Does that seem little? Would you rather ask for all manner of pleasant things, if not in this life, at least in the life to come?
Oh, my friends, consider this. We were not put into this world to get pleasant things; and we shall not be put into the next world, as it seems to me, to get pleasant things. We were put into this world to do God’s will. And we shall be put (I believe) into the next world for the very same purpose—to do God’s will; and if we do that, we shall find pleasure enough in doing it. I do not doubt that in the next world all manner of harmless pleasure will come to us likewise; because that will be, we hope, a perfect and a just world, not a piecemeal, confused, often unjust world, like this: but pleasant things will come to us in the next life, only in proportion as we shall be doing God’s will in the next life; and we shall be happy and blessed, only because we shall be living that eternal life of which I have been preaching to you all along, the life which Christ lives and has lived and will live for ever, saying to the Eternal Father—I come to do thy will—not my will but thine be done.

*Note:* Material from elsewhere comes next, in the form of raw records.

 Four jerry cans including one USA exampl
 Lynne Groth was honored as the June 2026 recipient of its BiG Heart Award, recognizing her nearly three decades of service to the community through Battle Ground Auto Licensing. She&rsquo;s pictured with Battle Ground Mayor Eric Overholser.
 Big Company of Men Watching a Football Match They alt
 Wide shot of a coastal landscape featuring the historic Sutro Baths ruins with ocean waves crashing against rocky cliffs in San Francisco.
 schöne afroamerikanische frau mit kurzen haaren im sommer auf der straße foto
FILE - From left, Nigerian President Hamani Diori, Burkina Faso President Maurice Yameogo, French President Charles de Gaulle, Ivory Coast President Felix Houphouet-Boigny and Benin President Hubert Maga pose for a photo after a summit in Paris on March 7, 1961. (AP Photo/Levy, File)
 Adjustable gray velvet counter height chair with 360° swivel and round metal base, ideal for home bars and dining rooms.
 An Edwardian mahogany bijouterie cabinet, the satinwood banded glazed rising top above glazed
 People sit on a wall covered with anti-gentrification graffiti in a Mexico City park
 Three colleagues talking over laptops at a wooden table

Oh! may God give to us all his Spirit; the Spirit by which Christ did his Father’s will, and lived his Father’s life in the soul and body of a mortal man, that we may live here a life of obedience and of good works, which is the only true and living life of faith; and that when we die it may be said of us—‘Blessed are the dead who die in the Lord; for they rest from their labours, and their works do follow them.’
They rest from their labours. All their struggles, disappointments, failures, backslidings, which made them unhappy here, because they could not perfectly do the will of God, are past and over for ever. But their works follow them. The good which they did on earth—that is not past and over. It cannot die. It lives and grows for ever, following on in their path long after they are dead, and bearing fruit unto everlasting life, not only in them, but in men whom they never saw, and in generations yet unborn.